[Items from a dataset]
────────────────────

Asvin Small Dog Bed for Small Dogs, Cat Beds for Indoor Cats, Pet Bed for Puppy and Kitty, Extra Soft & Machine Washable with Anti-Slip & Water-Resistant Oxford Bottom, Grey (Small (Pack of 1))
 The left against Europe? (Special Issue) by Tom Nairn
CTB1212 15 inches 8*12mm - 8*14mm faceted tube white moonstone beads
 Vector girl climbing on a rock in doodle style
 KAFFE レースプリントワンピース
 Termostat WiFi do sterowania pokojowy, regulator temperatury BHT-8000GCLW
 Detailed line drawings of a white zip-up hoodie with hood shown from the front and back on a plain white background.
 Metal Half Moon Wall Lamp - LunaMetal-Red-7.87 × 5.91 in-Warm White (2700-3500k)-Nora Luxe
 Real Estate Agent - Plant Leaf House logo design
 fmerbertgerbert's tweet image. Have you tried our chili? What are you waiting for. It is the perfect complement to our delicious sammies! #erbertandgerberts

────────────────────

Quote exactly and only the lines from the one holding "The left against" through the end of the data.

 The left against Europe? (Special Issue) by Tom Nairn
CTB1212 15 inches 8*12mm - 8*14mm faceted tube white moonstone beads
 Vector girl climbing on a rock in doodle style
 KAFFE レースプリントワンピース
 Termostat WiFi do sterowania pokojowy, regulator temperatury BHT-8000GCLW
 Detailed line drawings of a white zip-up hoodie with hood shown from the front and back on a plain white background.
 Metal Half Moon Wall Lamp - LunaMetal-Red-7.87 × 5.91 in-Warm White (2700-3500k)-Nora Luxe
 Real Estate Agent - Plant Leaf House logo design
 fmerbertgerbert's tweet image. Have you tried our chili? What are you waiting for. It is the perfect complement to our delicious sammies! #erbertandgerberts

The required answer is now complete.